Ecce Homo | |
Artist: | Titian |
Year: | 1543 |
Medium: | Oil on canvas |
Height Metric: | 242 |
Width Metric: | 361 |
Metric Unit: | cm |
Imperial Unit: | in |
Museum: | Kunsthistorisches Museum |
City: | Vienna |
Accession: | GG_73 |
The Ecce Homo is a large oil painting by Titian, signed and dated 1543, which hangs in the Kunsthistorisches Museum in Vienna.[1] It is not to be confused with several smaller compositions by Titian.
The Ecce Homo Titian finished in the year 1543 for Giovanni d'Anna, a rich Dutch or Flemish merchant settled in Venice, whom Vasari calls "Titian's compare"('gossip').[2] It was still in the possession of the merchant family in 1580.[3] It was rumoured that King Henry III of France had in vain offered to Paolo d'Anna the sum of 800 ducats for the famous Ecce Homo in 1574.[4] It was purchased by Sir Henry Wotton in the early seventeenth century to pass into the hands of the Duke of Buckingham in 1621, who refused £7000 for it, offered by the Earl of Arundel. The picture left England under the Commonwealth.[5] It was auctioned at Antwerp in 1648, and later acquired by Archduke Leopold Wilhelm for his brother Emperor Ferdinand III in Prague. Mentioned various times as preserved in Prague, it was transferred to Vienna in 1723.
At the top of the stairs leading to the palace, Jesus is standing, bared to the waist, an exhausted and powerless sufferer. He is being shown to the populace by Pontius Pilate, who is dressed in a blue Roman costume. As he questions the crowd who have assembled at the foot of the steps—a throng of warriors, in the middle of whom is a young blonde girl in white with her arm round a boy whom she draws towards her, in front a fat pharisee, on the right a few horsemen, a turbaned Oriental, each figure with its strongly marked type—the answer is thundered back to him, "Crucify Him!" They press half up the steps, they gesticulate and point at Jesus, they fling up their arms.[6] [7] [8]

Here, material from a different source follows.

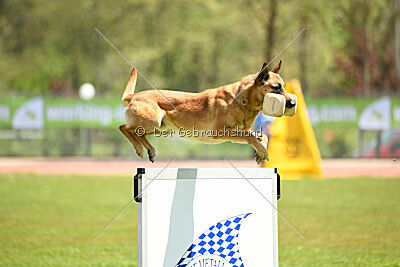 Othar des Pas des Betes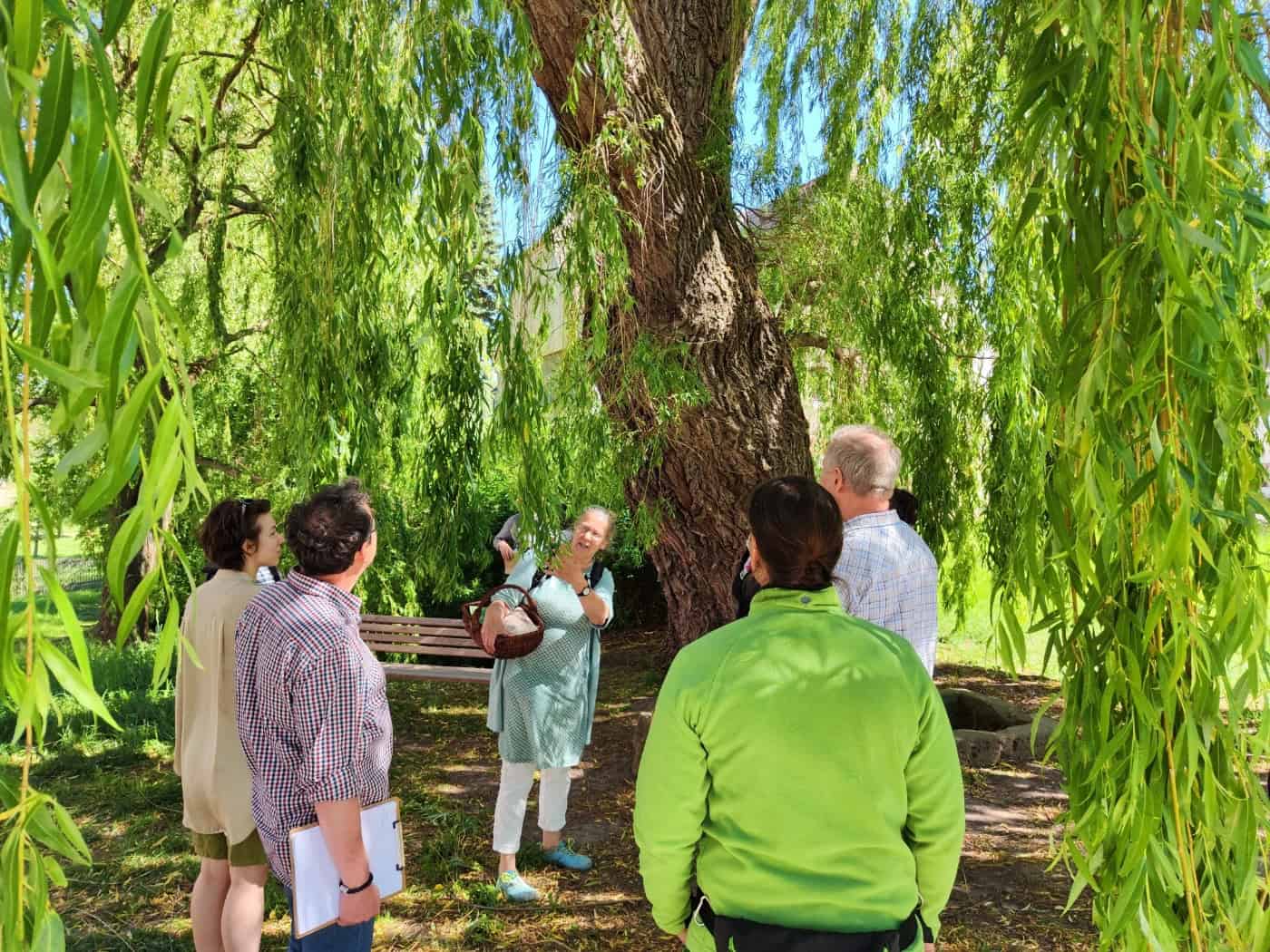 Wenn Bäume sprechen: Sonderführung im Klosterpark Altzella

According to Walter Gronau, the likeness of Pilate, "whose face betrays a ghastly mixture of haughtiness and cynicism", is taken from Titian's friend Pietro Aretino. Almost in the centre of the composition stands the form of the light-haired girl in a soft white satin dress; legend has identified her as Titian's daughter Lavinia.[9] [10] Charles Ricketts thinks the fat patrician or pharisee in his ermine-lined robe reminiscent of the Emperor Vitellius.[11]